Consider $K=\mathbb{Q}_3(\sqrt[4]{-3},i)$ and $L = K(\alpha)$ with $$ \alpha = \sqrt[3]{2} \left( \frac{(1-\zeta_3)(1-\sqrt{-7})}{6} - \zeta_3\zeta_7 + \zeta_7^2 \right) $$ where $\zeta_7$ is the primitive $7$-th root of unity with minimal polynomial $$ \min_K(\zeta_7) = x^3+\frac{1-\sqrt{-7}}{2} x^2 + \frac{-1-\sqrt{-7}}{2} x - 1.$$
Furthermore, let $v$ be the valuation on $L$ with $v(3)=1$.
Question: Is there a unit $\epsilon \in \mathcal{O}_L^\times$ satisfying the equation $\epsilon^3 \equiv \frac{1}{4}$ modulo an element of valuation $\frac{3}{2}$?

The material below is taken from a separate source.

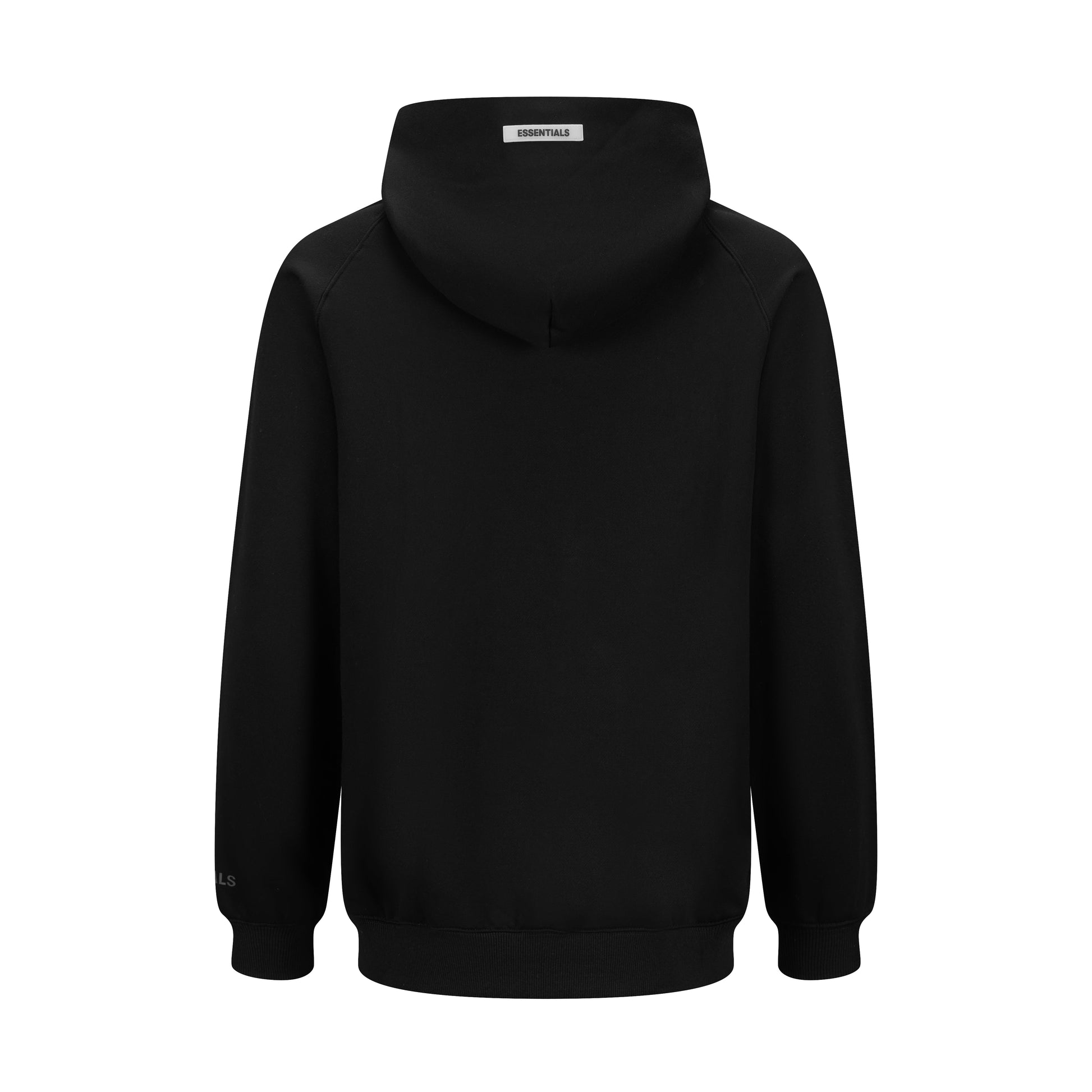 Essentials Hoodie - Black Oversized Long-Sleeve Pullover Unisex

My attempts to solve the problem can be found both here and here where I managed to took the wrong $\alpha$ twice. This time the $\alpha$ should be correct (I checked!) and maybe it is helpful to know that, according to Magma, we have
- $\alpha^3 \in K$,
- $L/K$ is totally ramified of degree $3$.
Again, I am asking you to help me with this problem. Thanks in advance!